I attended another tribute, to critic Roger Ebert, which was a truly special, inspiring evening. Directors Terry Zwigoff, Philip Kaufman, Errol Morris and Jason Reitman all paid tribute to him, and then he "spoke" a little bit (via his computer) about the current state of movies. His pick for the evening was Erick Zonca's Julia, which I was ashamed to have missed when it opened last spring. It's a truly harrowing -- if slightly problematic -- cross between a crime film and an alcoholism drama, and with easily the best performance of 2009, in any film, by Tilda Swinton.
There was a rare festival disappointment in Air Doll, which was Japanese director Hirokazu Kore-eda's first non-realistic film since his great After Life (1998).
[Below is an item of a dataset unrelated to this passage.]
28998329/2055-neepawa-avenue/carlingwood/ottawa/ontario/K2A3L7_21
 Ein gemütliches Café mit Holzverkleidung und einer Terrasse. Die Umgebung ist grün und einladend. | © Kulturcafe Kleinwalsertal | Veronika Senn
Unfortunately Air Doll plays more like a doodle than a finished film; it covers so many themes and subthemes that it takes forever to wrap up, and its would-be stinger of an ending comes across more like a thud.
The festival went out on a high note with a couple of outstanding genre films, both of which I will be recommending to people for months down the line. Sean Byrne's The Loved Ones, from Australia, is a brilliant gore film with a few unique and surprisingly human twists, as well as a welcome penchant for dark humor in its final act. And Vincenzo Natali's Splice is a kind of creature film with a most peculiar, appealing tone. It manages to cross several lines while maintaining a kind of sweetness. These two films sent me out into the world a happy man.